BORGOCARBONARA. La filiera del tartufo tiene, nonostante i ristoranti chiusi: «Ci siamo organizzati e abbiamo cercato nuovi canali di vendita», spiegano gli operatori del settore. Resta il problema per i ristoranti che hanno perso una stagione tradizionalmente molto proficua a livello di numeri.
Il tartufo è un’eccellenza del territorio mantovano e in particolare dell'Oltrepò; quella che va da fine settembre a gennaio inoltrato, in questa zona, non è solo la stagione delle nebbie, ma anche quella in cui si apprezza il prezioso tubero. Ci sono fiere e sagre dedicate e nei menu dei ristoranti fanno il loro ingresso i piatti a base di tartufo. Ma quest’anno le cose sono andate diversamente, si tratta di un anno anomalo e su questo sono tutti d'accordo.

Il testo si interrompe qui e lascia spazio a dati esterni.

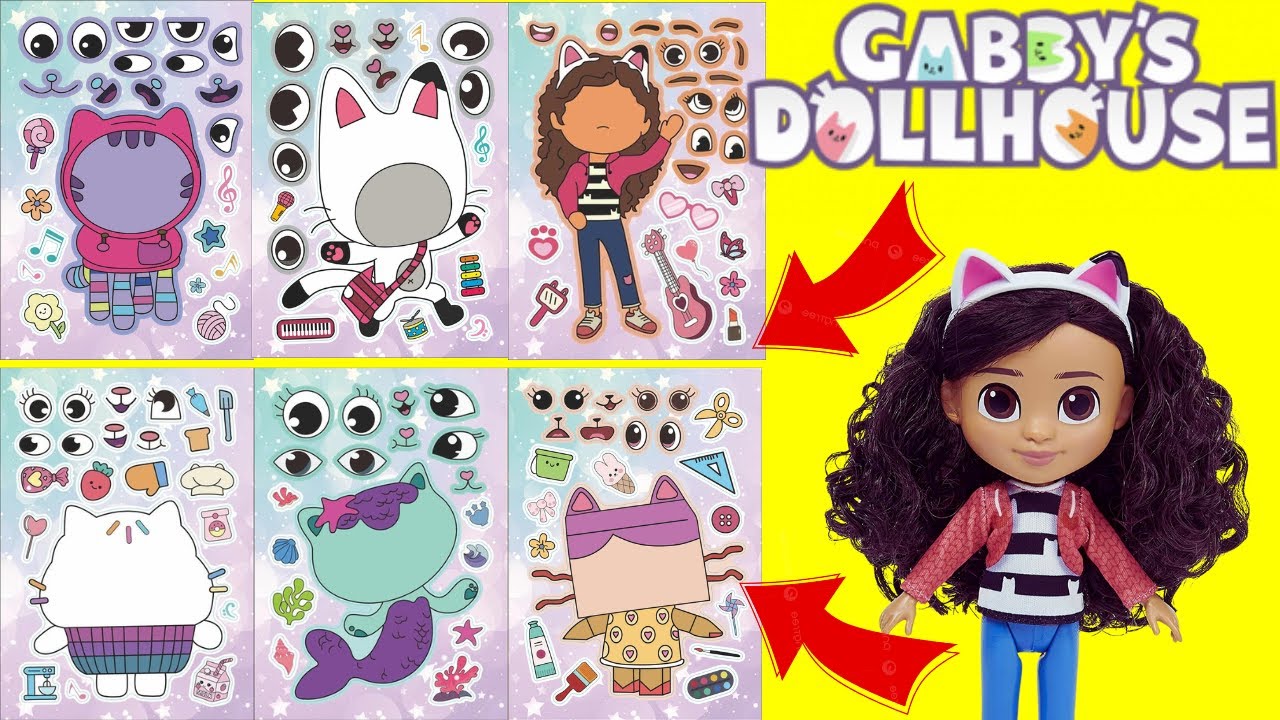 Gabby's Dollhouse DIY Make a Silly Face Stickers Activity Crafts for Kids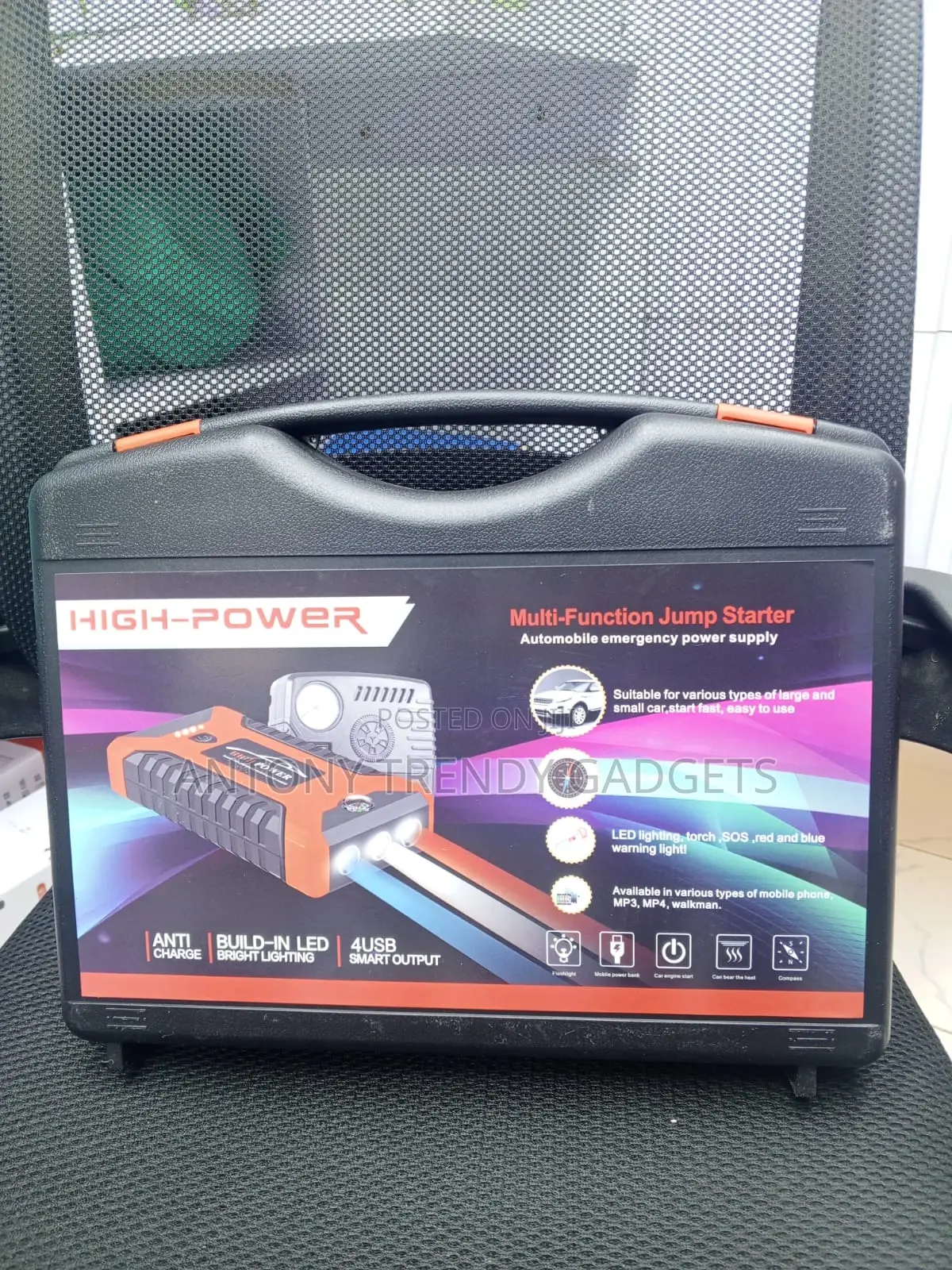 Portable Car Jump Starter Air Compressor Emergency Power Kit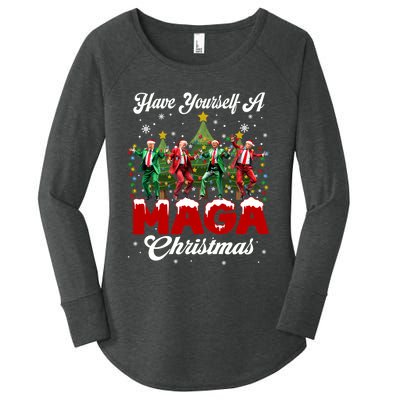 Funny Santa Trump Have Yourself A Merry M.A.G.A Christmas Long Sleeve Women's Perfect Tri Tunic Long Sleeve Shirt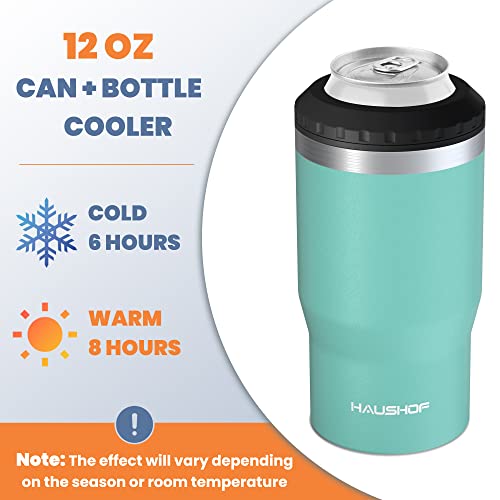 HAUSHOF 12 oz Can Cooler, 4 in 1 Insulated Stainless Steel Can Insulator, Fits for 12 oz Standard Can|12 oz Slim Can|12 oz Beer Bottle, Perfect for Camping, Beach, Picnic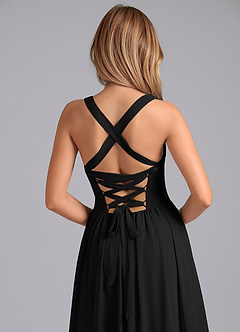 Azazie Francis Bridesmaid Dresses Black A-Line Corset Chiffon Dress image7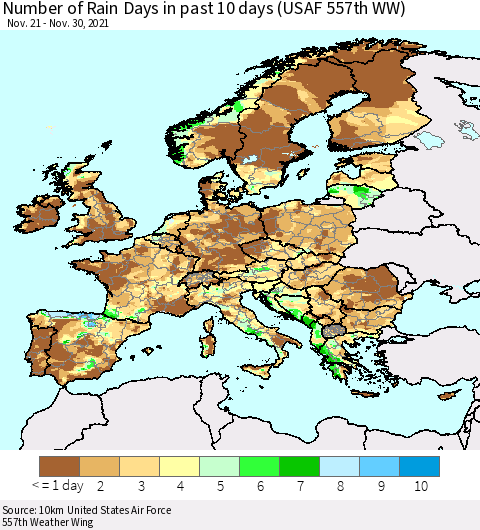 Europe Number of Rain Days in past 10 days (USAF 557th WW) Thematic Map For 11/26/2021 - 11/30/2021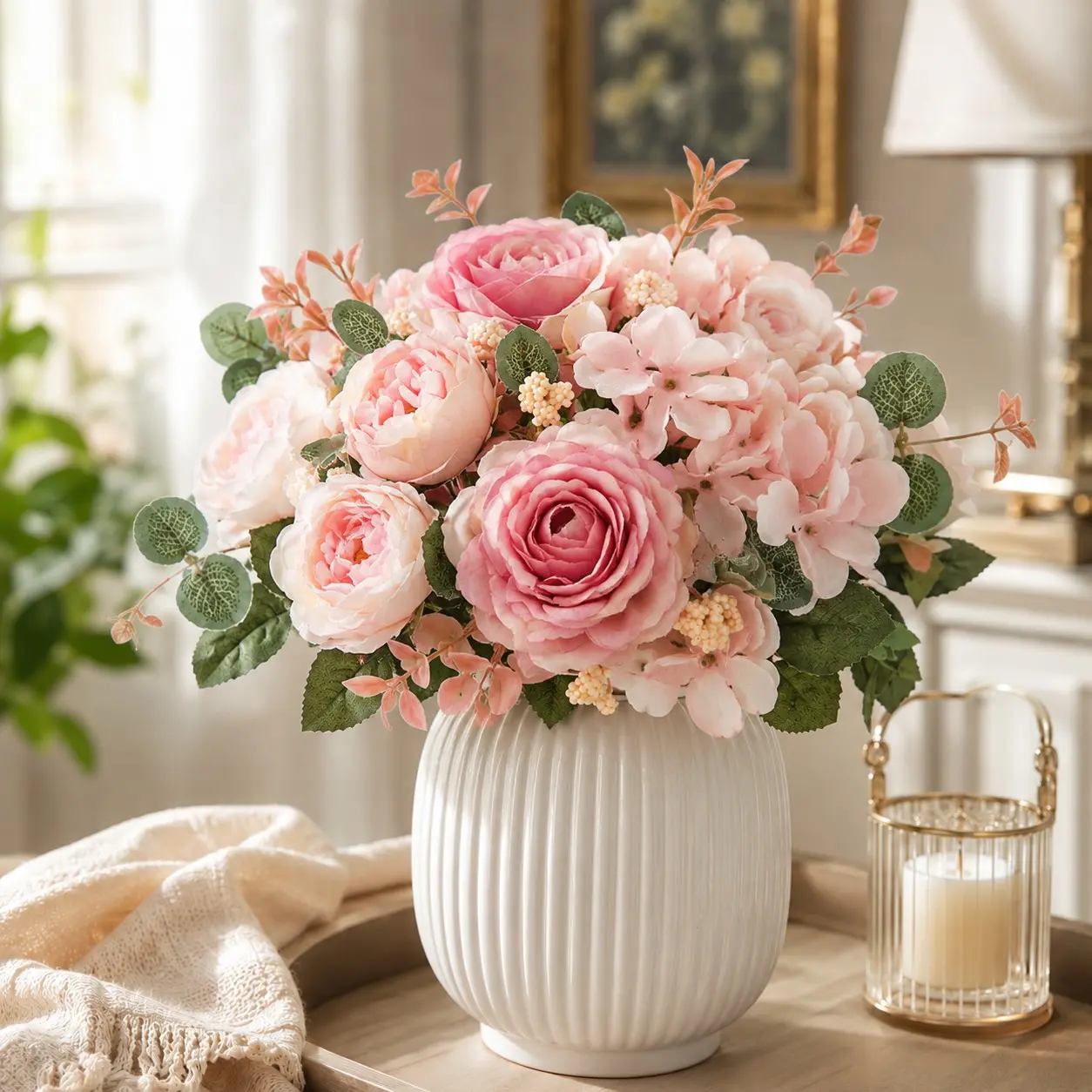 3 Stems Artificial Peony Flowers Pink Faux Rose Hydrangea Bouquet for Vase Home Table Centerpiece Wedding Bridal Shower Party Gift DIY Floral Arrangement Birthday Indoor Decoration Farmhouse Kitchen Office Shelf Mantel Romantic Indoor Decor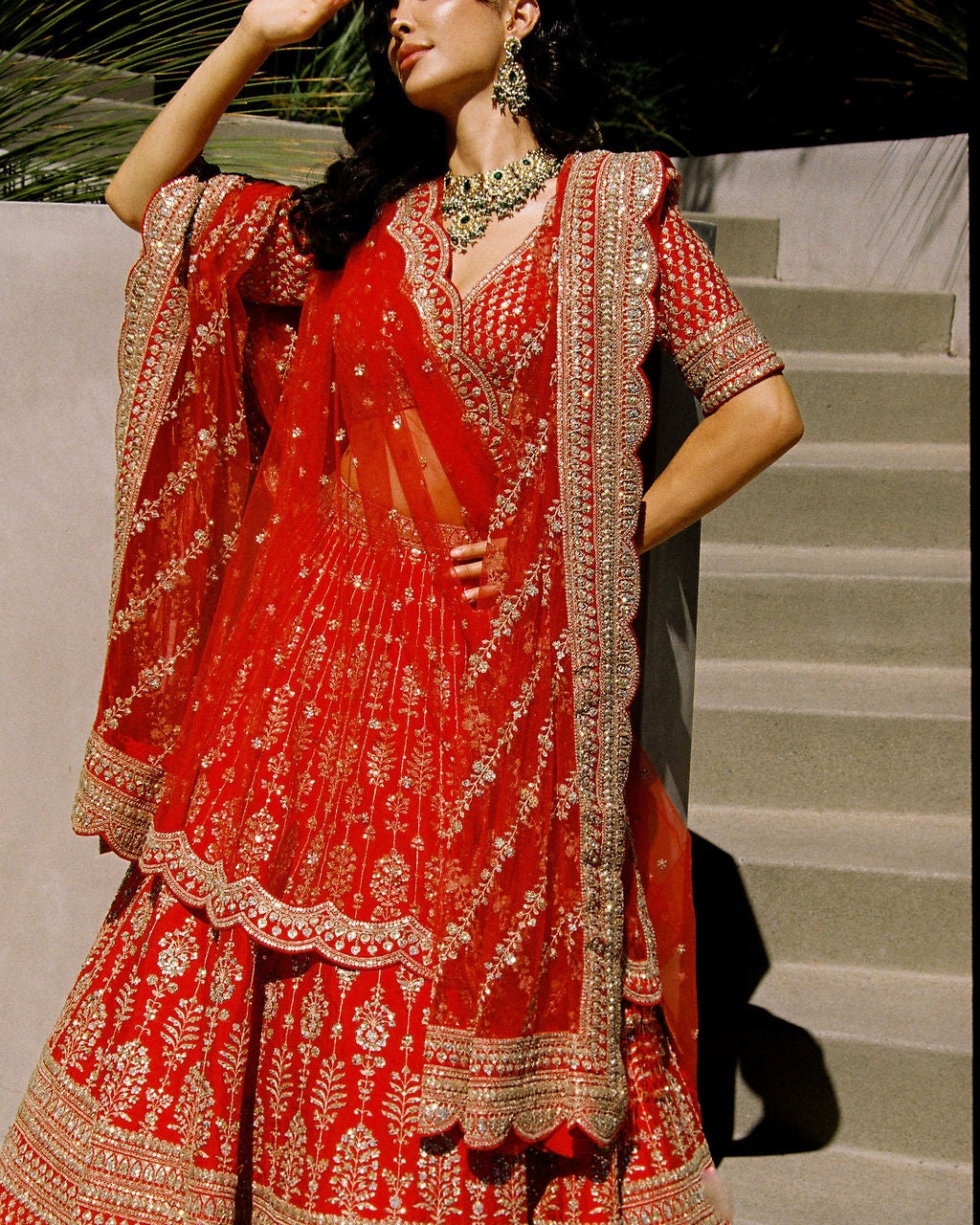 Red Loop Lehenga Set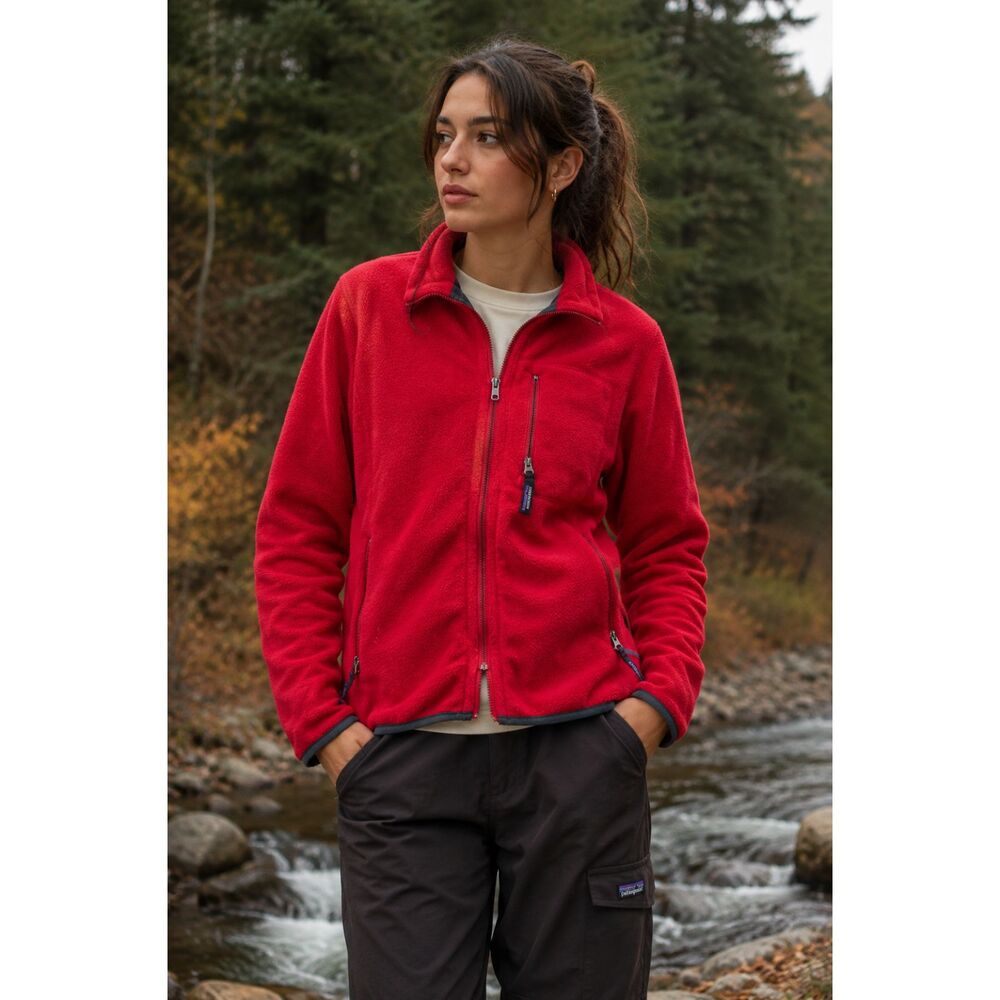 Patagonia Synchilla Red Full Zip Pullover Sweater Fleece Top Women's Size Medium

«Certo, qualcosa è mancato, è innegabile – dice Tiziano Casari, titolare di un’azienda che da anni opera nella commercializzazione del tubero – ma ci siamo organizzati, abbiamo cercato nuovi clienti e nuove vie e tutto sommato non possiamo lamentarci. Se lo scorso anno eravamo pienamente soddisfatti quest’anno lo possiamo definire sufficiente».
Il prezzo del tartufo si aggira quest’anno intorno ai 2.500 euro al chilo e la chiusura dei ristoranti nella nostra provincia non ha influito in modo sensibile sulle quotazioni, secondo gli esperti. «Il prezzo è determinato dalla produzione, principalmente», dicono gli operatori. E quest’anno la produzione è abbastanza buona: per avere un termine di paragone si deve pensare che lo scorso anno, in cui la produzione era molto abbondante, il prezzo al chilo era inferiore di circa mille euro. Mentre nel 2008, anno eccezionalmente scarso, le quotazioni erano arrivate a toccare i 4 o 5mila euro.
I ristoranti hanno dovuto abbassare le saracinesche proprio quando iniziava la stagione del tartufo e le sagre, tradizione del basso mantovano, erano già saltate tutte. «La situazione era difficile, ma ci siamo rimboccati le maniche – racconta Casari – ci siamo impegnati con i cavatori ad acquistare la produzione a prezzo di mercato e poi ci siamo occupati di cercare nuovi sbocchi di vendita. Questo ci ha permesso di far conoscere il tartufo mantovano in città vicine, dell’Emilia e del Veneto. Anche nelle cose negative bisogna sempre cercare qualche aspetto positivo. C'è sempre qualche aspetto positivo».
A sopperire all’assenza dei ristoranti mantovani hanno contribuito molto anche le gastronomie. «In molti hanno deciso di cucinare a casa propria il tartufo – spiega Paolo Papazzoni dell’associazione Trifulin Mantuan – questo ha attutito gli effetti negativi». La vendita nelle gastronomie è aumentata del 300 per cento, infatti. Di anno anomalo parla anche Papazzoni che guarda alla ristorazione: «Il settore tartufo regge ma il problema è grave per i ristoranti della zona che in questo periodo hanno sempre visto un boom di clienti desiderosi di degustare». Non ci sono invece problemi per la cavatura: «I cercatori possono muoversi tranquillamente perché sono fuori a tutti gli effetti per lavoro» spiega Papazzoni.
Lo stop invece è arrivato per le iniziative di promozione promosse dall’Associazione strada del tartufo. «Siamo in stand by per quest’anno – spiega il sindaco di Borgocarbonara Lisetta Superbi – sono mancate le sagre e tutte le conferenza e gli appuntamenti connessi che mirano a far conoscere la cultura del tartufo e del territorio. Ma è una battuta d’arresto temporanea, la voglia di riprendere è tanta e dal prossimo anno saremo pronti a ripartire».